Classification Problems#
CSC/DSC 340 Week 4 Slides
Author: Dr. Julie Butler
Date Created: August 13, 2023
Last Modified: August 14, 2023
What are Classification Problems?#
Goal: Determine what “class” a data point belongs to
Regression: output can be any real number
Classification: output can only be taken from finite and discrete set
Classification Examples#
Can the condition of a car be determined from its price and odometer reading?
Can the species of a plant or animal be determined from various measurements?
Can the sex of an animal be determined from various measurements?
Can handwritten numbers be converted to text (MNIST Data Set)?
Can pictures of clothes be identified?
Can pictures be determined to contain dogs or cats?

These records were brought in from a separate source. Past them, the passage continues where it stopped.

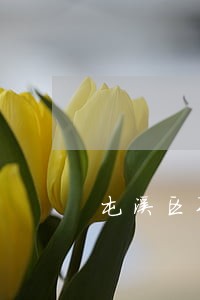 屯溪区职务犯罪律师咨询电话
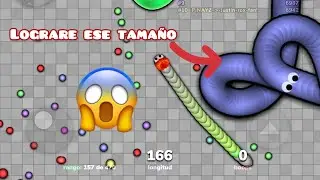 Podré quedar en los top #10 lugares de slither.io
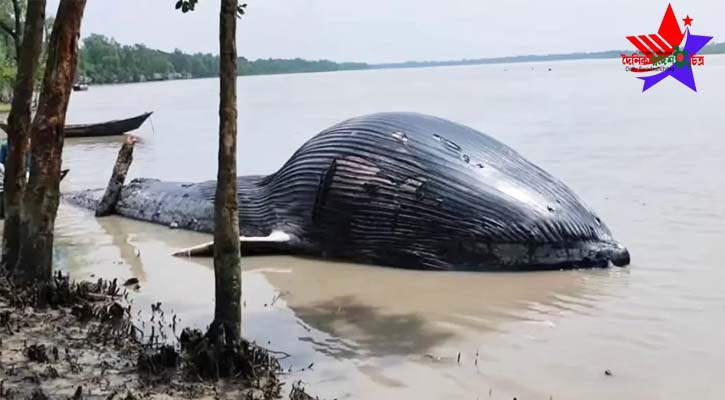 বরগুনায় ভেসে এলো বিশাল মৃত তিমি, দেখতে জনতার ঢল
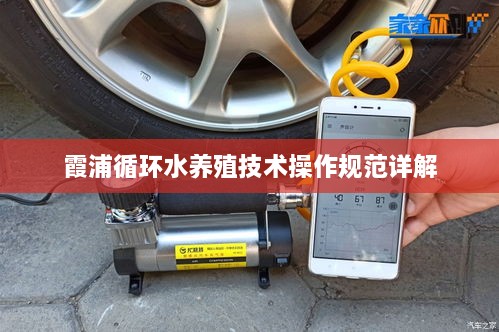 霞浦循环水养殖技术操作规范详解
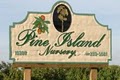 Pine Island Nursery Inc. image 1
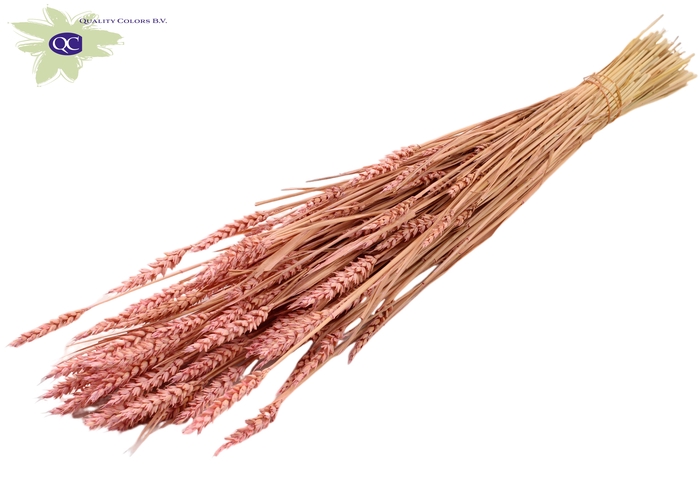 Triticum (sunbleached) per bunch Frosted Light Pink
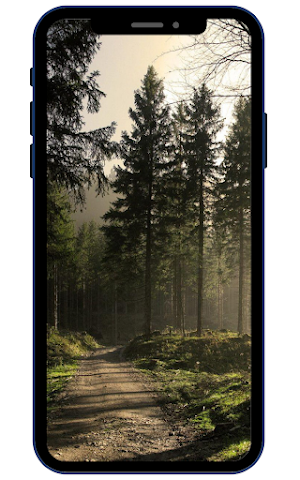 Forest Wallpapers Screenshot 2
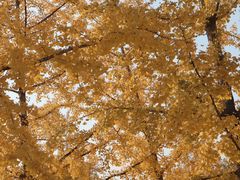 -永定河休闲森林公园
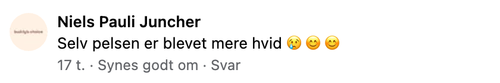 niels comment.png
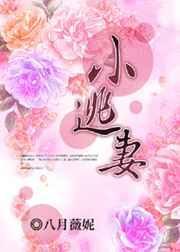 小逃妻内容简介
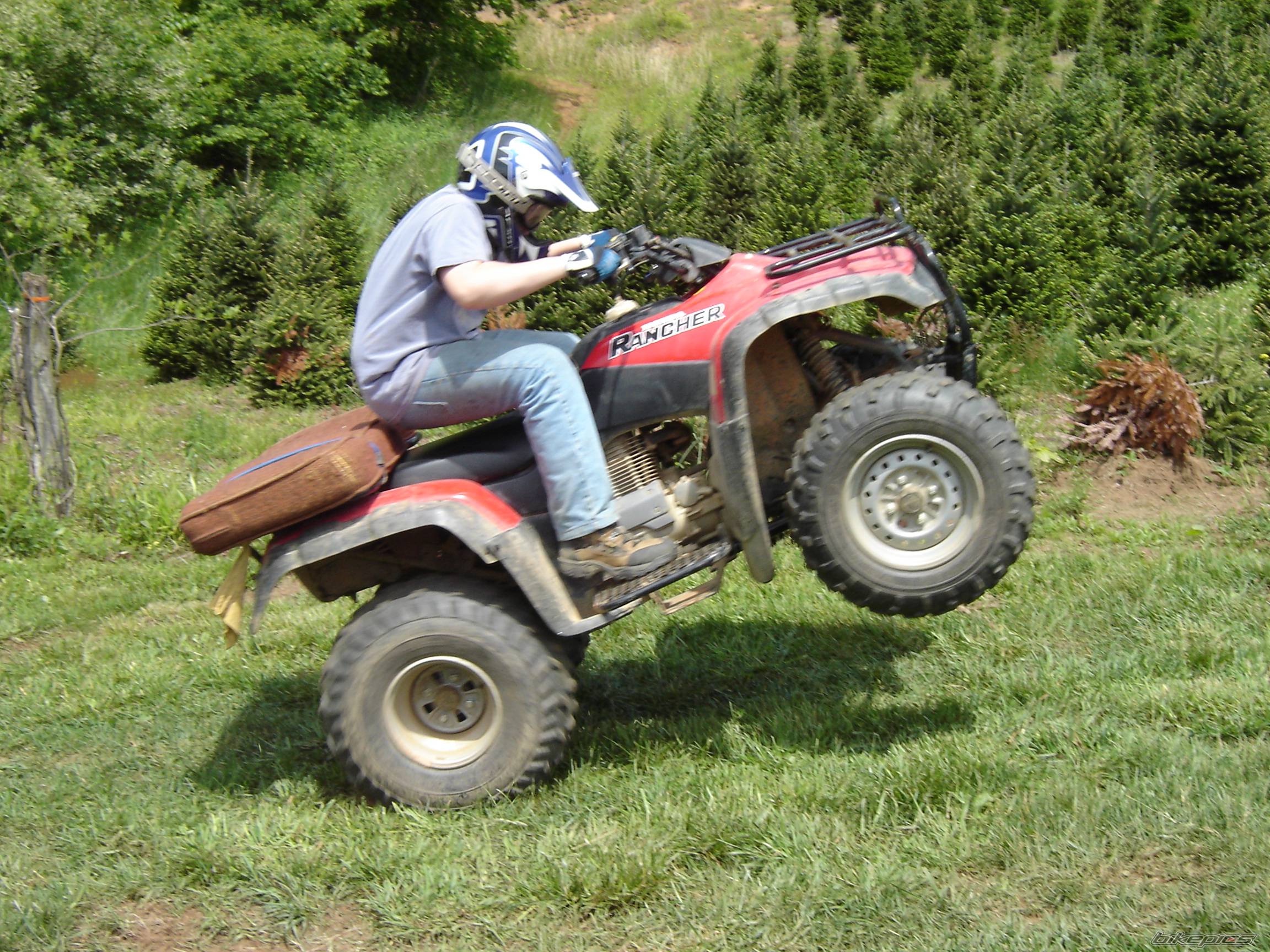 2000 HONDA RANCHER | Picture 365424 motorcycle photo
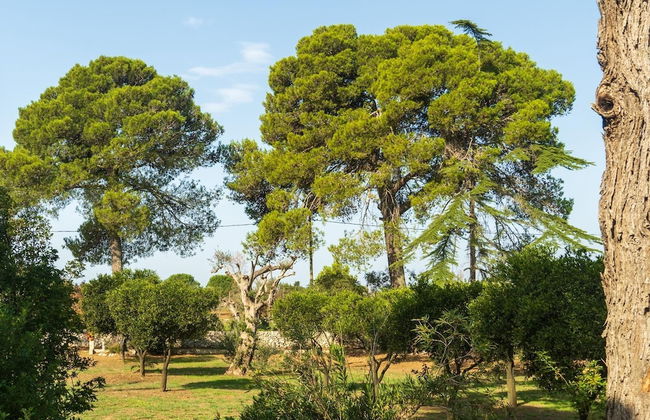 Agriturismo Villa Coluccia - Foto 69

Types of Classification Problems#
Binimal Classifier: data is sorted into one of two categories
Multiclass Classifier: data is sorted into one of three or more categories
Multilabel Classifier: data can belong to more than one category
Classifiers#
Ridge Classifier (this week)
Stochastic Gradient Descent (Hands-On Chapter 3)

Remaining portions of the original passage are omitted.